_Records for the task_:
◇ ◇ ◇ ◇ ◇ ◇ ◇

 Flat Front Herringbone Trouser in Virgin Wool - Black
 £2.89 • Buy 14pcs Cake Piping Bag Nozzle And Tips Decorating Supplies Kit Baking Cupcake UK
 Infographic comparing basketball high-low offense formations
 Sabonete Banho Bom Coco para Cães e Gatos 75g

◇ ◇ ◇ ◇ ◇ ◇ ◇

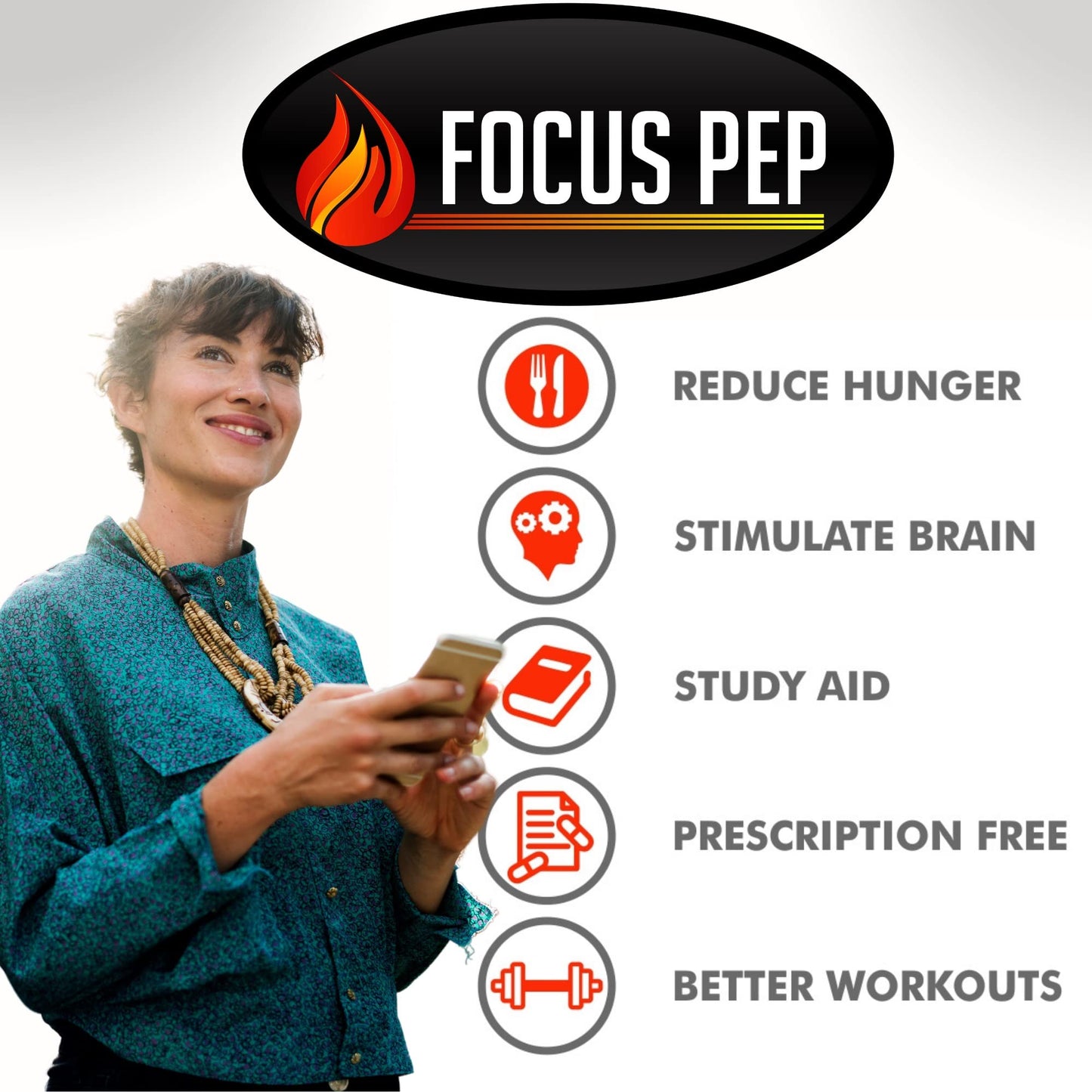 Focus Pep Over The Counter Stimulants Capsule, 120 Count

◇ ◇ ◇ ◇ ◇ ◇ ◇

The lines above from the one with "Flat Front Herringbone" through the one with "Sabonete Banho Bom" are to be duplicated exactly, ends included, with nothing added.

 Flat Front Herringbone Trouser in Virgin Wool - Black
 £2.89 • Buy 14pcs Cake Piping Bag Nozzle And Tips Decorating Supplies Kit Baking Cupcake UK
 Infographic comparing basketball high-low offense formations
 Sabonete Banho Bom Coco para Cães e Gatos 75g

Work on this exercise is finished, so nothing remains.